Wal-Mart Stores Inc unveiled an environmental plan to boost energy efficiency, reduce waste and trim greenhouse gases as part of a wider effort to address issues where it has been pummeled by critics.
Wal-Mart chief executive Lee Scott also called on Congress to raise the nation's minimum wage from USUS$5.15 per hour but said pay for Wal-Mart employees -- which averages US$9.37 -- was sufficiently competitive. He said even a slight overall increase in Wal-Mart pay would eliminate a profit margin that generated US$10 billion in profits last year.
Scott said the world's largest retailer had to be a "good steward for the environment" and believed that adopting greener practices would also be good for business by cutting costs.

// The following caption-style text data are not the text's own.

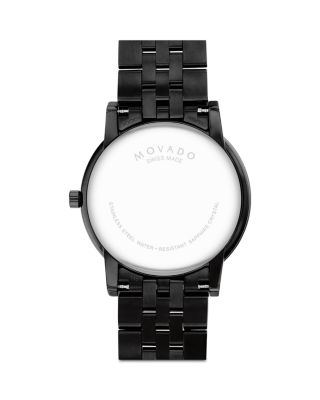 Museum Classic Yellow Gold-Tone Watch, 40mm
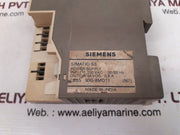 Siemens simatic s5-100u 6es5 930-8md11 power supply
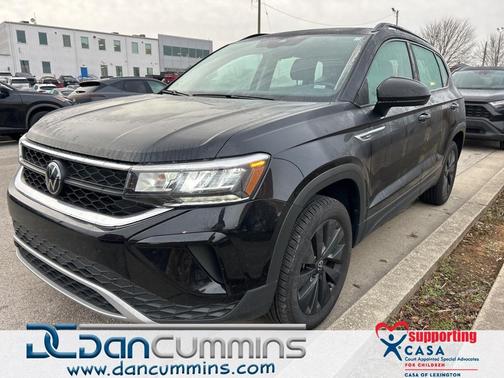 2024 Volkswagen Taos 1.5T S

"We are going to do well by doing good," he said.
But while Wal-Mart touted its environmental plan, Scott rejec-ted calls to increase workers' pay that unions and other critics say is often below poverty level. Instead, he urged Congress to look at raising the US minimum hourly wage for the first time since the mid-1990s.
"It is time for Congress to take a responsible look at the minimum wage," he said.
Scott delivered remarks to Wal-Mart workers on Monday and followed up with a conference call with reporters Tuesday. The sessions follow Wal-Mart responses to critics over diversity, pay and overseas buying and come at the start of a two-day annual conference for financial analysts.
Analysts said the environmental plans were not so much a radical change by Wal-Mart as a recognition that efficiency and waste-reduction made good business sense in an era of higher energy prices.
"That is all good, forward-thinking management," said Don Gher from Coldstream Capital Management Inc in Bellevue, Washington.
Tom Rubel, who heads consultant Retail Forward in Columbus, Ohio, said Scott was leading a genuine effort to adopt new standards.
"I do think that this is a departure. This is sort of vintage Wal-Mart. They have listened, and learned, and now they have set a course and they've established some aggressive goals and now they're going to go after it very aggressively," Rubel said.
Wal-Mart's targets for raising fuel and energy efficiency and reducing packaging waste are bold but the credibility will depend on whether the company reports its progress to the public.
"Wal-Mart is one of the world's largest companies so they have a huge influence in the market-place. There is a huge opportunity for them to influence the marketplace," said Elizabeth Cook, vice president of the World Resources Institute in Washington.
"Wal-Mart will win its skeptics over once it shows that it can deliver on these commitments," she said.
Scott said that those targets include increasing fuel efficiency in Wal-Mart's truck fleet by 25 percent over three years and doubling it within 10 years; investing US$500 million annually in efficient energy technologies at stores; and cutting solid waste from US stores and Sam's Clubs by 25 percent in three years.